Quality and Reliability are Inputs, Well Before Prototype Designs
You’re at the end of your design process, proud of what you’ve accomplished. And, then come other people from other cross functional groups and they’re saying, “No.” Quality engineering and reliability engineering friends are pointing out some problems with your design.
It’s important to know that Quality and Reliability are inputs into your design process. It is not quality control for the design process. If we wait until we have a prototype in our hand to start applying quality methods and getting input from our quality and reliability friends, it’s too late. We’re too far down the design path.
By not applying quality thinking earlier, we’ve missed out on a lot of opportunities that would have been easy to implement and have great lasting effects on our product design. By not involving our quality friends earlier in the design process:
- we’ve missed out on some opportunities to make our design more robust, more functional, safer and easy to use
- we missed an opportunity to arrange supplier agreements with details that reduce risk
- we’ve missed a better understanding of the in-process manufacturing testing needs or design for manufacture ability
- and we’ve missed opportunities to design out risk because we didn’t thoroughly understand the risks in our product not working, our user not understanding how it works, or our manufacturer not understanding critical features of a component
Besides the missed opportunities, applying quality methods and tools and thinking during the design process also helps facilitate cross functional input early. I facilitated many quality analysis meetings with a cross functional team. The team consisted of product designers but also marketing, field ops, other independent designers, regulatory, manufacturing…and there is not one analysis that I’ve helped perform where the designers just happened to capture all the risk on their own.

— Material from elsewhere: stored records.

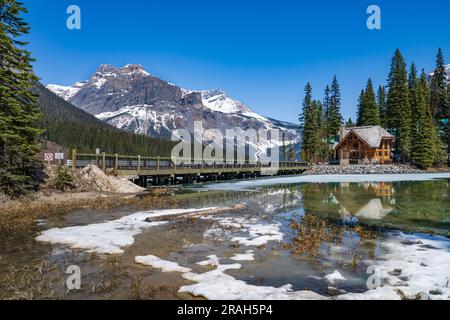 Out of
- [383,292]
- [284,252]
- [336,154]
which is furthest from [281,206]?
[336,154]

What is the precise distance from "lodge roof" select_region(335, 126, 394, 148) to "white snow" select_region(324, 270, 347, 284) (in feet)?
207

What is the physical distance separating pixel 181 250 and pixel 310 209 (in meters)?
10.3

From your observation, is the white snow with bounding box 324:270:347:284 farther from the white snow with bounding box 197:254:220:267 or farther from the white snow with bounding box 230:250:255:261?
the white snow with bounding box 197:254:220:267

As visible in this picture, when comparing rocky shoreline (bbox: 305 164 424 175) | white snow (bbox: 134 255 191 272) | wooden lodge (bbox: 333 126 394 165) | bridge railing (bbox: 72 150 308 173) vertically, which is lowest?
white snow (bbox: 134 255 191 272)

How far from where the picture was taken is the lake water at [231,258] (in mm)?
5711

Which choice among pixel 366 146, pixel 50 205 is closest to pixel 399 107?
pixel 366 146

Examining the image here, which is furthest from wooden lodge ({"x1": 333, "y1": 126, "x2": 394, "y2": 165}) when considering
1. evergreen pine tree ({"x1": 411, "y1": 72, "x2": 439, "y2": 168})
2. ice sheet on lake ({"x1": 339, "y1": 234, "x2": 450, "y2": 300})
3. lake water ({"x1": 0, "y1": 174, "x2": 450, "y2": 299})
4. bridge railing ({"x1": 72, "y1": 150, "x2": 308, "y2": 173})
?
ice sheet on lake ({"x1": 339, "y1": 234, "x2": 450, "y2": 300})

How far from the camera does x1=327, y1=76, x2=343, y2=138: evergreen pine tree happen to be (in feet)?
247

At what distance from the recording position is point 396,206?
17469 millimetres

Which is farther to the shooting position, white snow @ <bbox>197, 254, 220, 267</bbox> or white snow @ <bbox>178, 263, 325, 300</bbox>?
white snow @ <bbox>197, 254, 220, 267</bbox>

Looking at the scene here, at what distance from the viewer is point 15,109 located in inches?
651

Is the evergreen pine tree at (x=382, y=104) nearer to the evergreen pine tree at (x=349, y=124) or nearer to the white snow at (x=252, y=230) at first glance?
the evergreen pine tree at (x=349, y=124)

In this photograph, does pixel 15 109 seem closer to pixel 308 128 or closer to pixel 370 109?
pixel 308 128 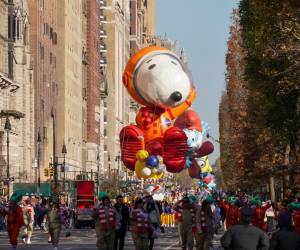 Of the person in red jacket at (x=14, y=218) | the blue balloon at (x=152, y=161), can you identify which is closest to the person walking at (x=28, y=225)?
the blue balloon at (x=152, y=161)

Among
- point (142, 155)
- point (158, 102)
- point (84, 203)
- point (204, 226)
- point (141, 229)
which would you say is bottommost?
point (141, 229)

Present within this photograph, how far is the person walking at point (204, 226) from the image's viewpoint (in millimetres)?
35281

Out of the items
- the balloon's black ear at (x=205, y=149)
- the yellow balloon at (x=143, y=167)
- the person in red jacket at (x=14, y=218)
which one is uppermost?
the balloon's black ear at (x=205, y=149)

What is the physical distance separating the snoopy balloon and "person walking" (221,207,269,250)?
2822 centimetres

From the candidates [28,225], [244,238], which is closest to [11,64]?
[28,225]

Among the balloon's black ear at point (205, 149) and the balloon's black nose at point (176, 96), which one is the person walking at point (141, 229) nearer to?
the balloon's black nose at point (176, 96)

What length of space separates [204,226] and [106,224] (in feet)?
9.21

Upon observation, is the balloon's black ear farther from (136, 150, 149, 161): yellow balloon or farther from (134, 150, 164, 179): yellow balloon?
(136, 150, 149, 161): yellow balloon

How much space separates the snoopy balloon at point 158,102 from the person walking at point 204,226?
40.3 ft

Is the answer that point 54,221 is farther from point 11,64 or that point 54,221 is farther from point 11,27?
point 11,27

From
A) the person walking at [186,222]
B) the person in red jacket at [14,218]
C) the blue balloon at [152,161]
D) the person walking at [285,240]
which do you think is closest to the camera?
the person walking at [285,240]

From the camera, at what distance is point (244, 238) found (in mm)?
18906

And, in many cases, there was a lot of learning happening between all the cross functional groups.
To conclude, recognize that the methods that quality and reliability engineers use can result in design inputs: inputs that you can take advantage of early as opportunities to implement the right type of controls, and your best design. Get your quality engineering and reliability engineering friends involved early. Even at the black box phase where you only have inputs, outputs and a black box as a design.
If you’re in a design project now and haven’t gotten your QE and RE friends involved yet, reach out. Tell them about your project and see how they’d like to get involved.